Hi,
I know the correct syntax should be
do j=i-1 to i-3 by -1 until (found=1);
instead of
do j=i-1 to j=i-3 by -1 until (found=1);
However, SAS still run this command and I don't know what really happen there.
Look like SAS will run all the way to the end of data.
I wonder why SAS doesn't give at least a warning?
Thanks,
HHC
data have;
input id t value;
datalines;
1 1 2
1 2 5
1 3 6
1 4 7
1 5 8
1 6 9
;run;
data want;
set have;
i+1;
if value=8 then do;
found=0;
count=0;
do j=i-1 to j=i-3 by -1 until (found=1);
set have (keep=t value rename=(t = tt value=v)) point=j;
count=count+1;
if v=1 then do;
target=tt;
found=1;
end;
end;
end;
run;
Consider how SAS evaluates this statement:
do j=i-1 to j=i-3 by -1 until (found=1);
Here, "j=i-3" is a logical expression, which SAS automatically evaluates. Evaluating a logical expression yields 0 if the expression is false, or 1 if the expression is true.
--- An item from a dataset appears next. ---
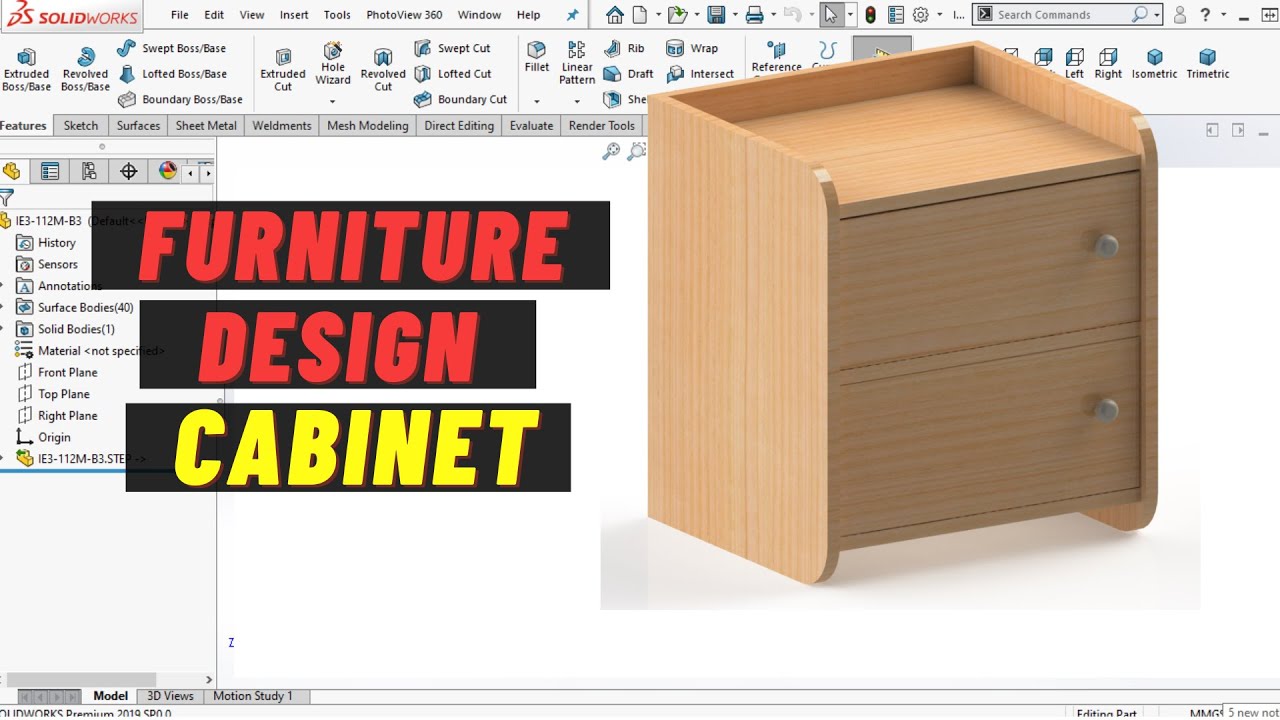 SOLIDWORKS - DESIGN FURNITUR CABINET DI SOLIDWORKS - YouTube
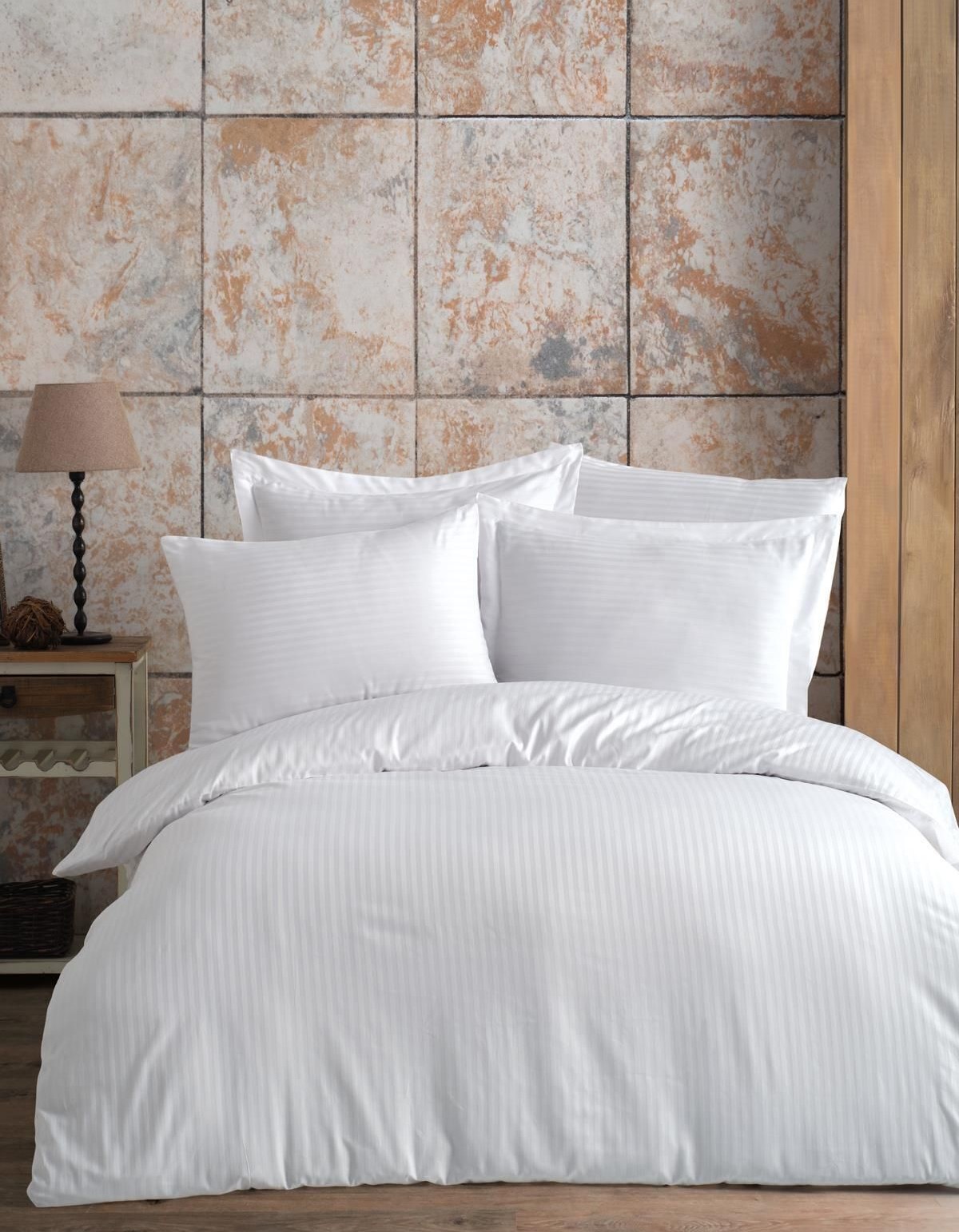 Varol Zeus Serisi Pamuk Saten Battal Boy (King Size) Nevresim Takımı - Beyaz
So the software evaluates this as one of these two possibilities:
do j=i-1 to 0 by -1 until (found=1);
do j=i-1 to 1 by -1 until (found=1);
More specifically, j begins with a missing value. But i will not be missing since incrementing with the statement i+1; assigns a nonmissing value to i. So the software executes this as:
do j=i-1 to 0 by -1 until (found=1);
Some SAS puzzles have been built around this theme of logical expressions, using a statement such as:
do j=1 to 5, i=4 to 6;
How many times should that loop execute, and with what values for j and i ?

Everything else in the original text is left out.